If you want Sanderson Newby Green in a Dulux tin, go for Dulux Breton Blue. It lands at a ΔE of 1.3 from the original — that's well inside the "very close" threshold and, on a wall, you'd struggle to tell them apart. The name throws people, mind: Newby Green is one of those deep, moody greens that reads distinctly teal-to-blue in lower light, which is exactly why Dulux's nearest neighbour sits in the "blue" camp.
Worth flagging the LRV here too. Breton Blue comes in at LRV 8.4, so it's a genuinely dark colour that soaks up light. That's the whole point of a shade like this — it's built for drama on a chimney breast, a panelled dining room, or a small cloakroom you want to feel like a jewel box. Just go in with eyes open: in a north-facing room with little natural light, it'll feel properly inky.
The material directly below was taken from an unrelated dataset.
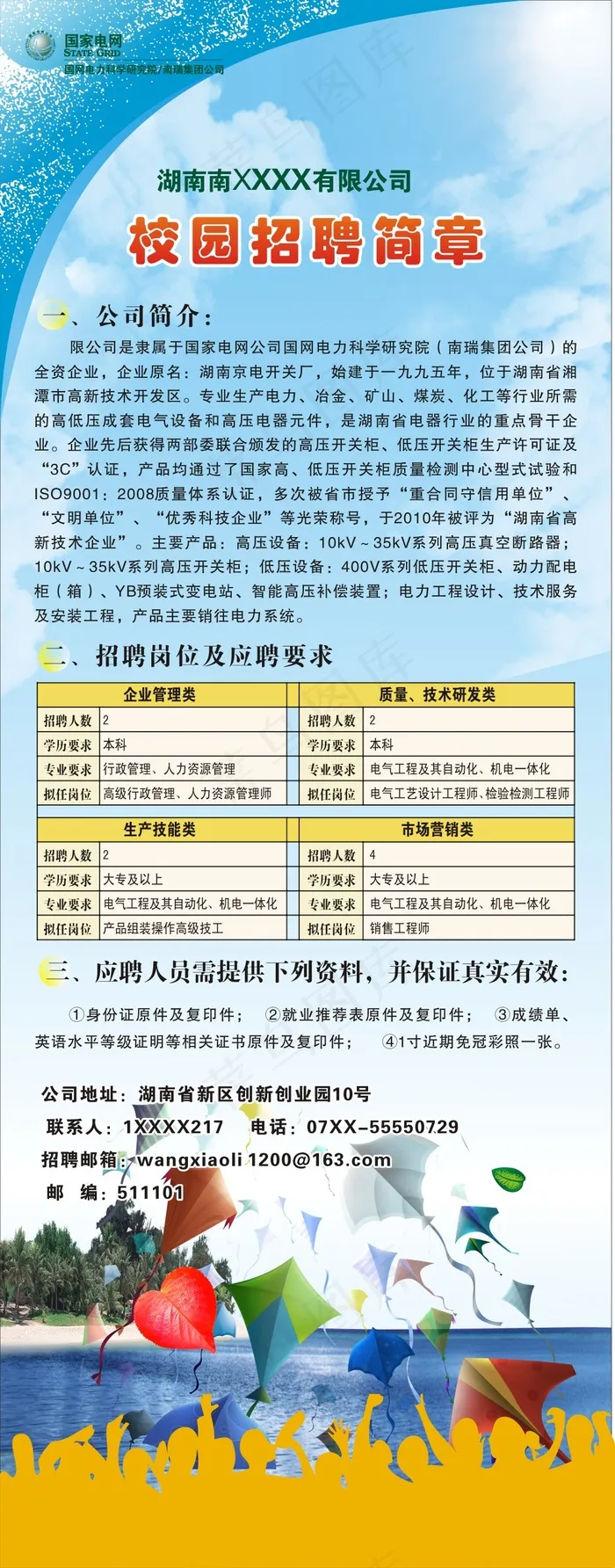 企业招聘(780X2000)cdr矢量模版下载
The runner-up is Dulux Night Seas at ΔE 2.8 and LRV 7.9. That's still a respectable match, but it's a touch further off than Breton Blue and reads marginally cooler. If you can only get hold of one, Breton Blue is the one to chase.
The usual "but what about" question: will a Dulux match in the same depth as a Sanderson colour behave identically? Not quite. Sanderson's own formulations carry their pigment and finish character, so even at ΔE 1.3 the sheen and the way it shifts through the day can differ slightly between brands. That's normal and nothing to worry about.
Practical advice: never sign off a dark colour off the fan deck. Get a sample pot of Breton Blue, paint two coats onto a bit of lining paper or an offcut, and move it round the room across the day — morning, midday, and under your evening lamps. Dark teals like this are completely transformed by artificial light, so the lamp test matters more than the daylight one.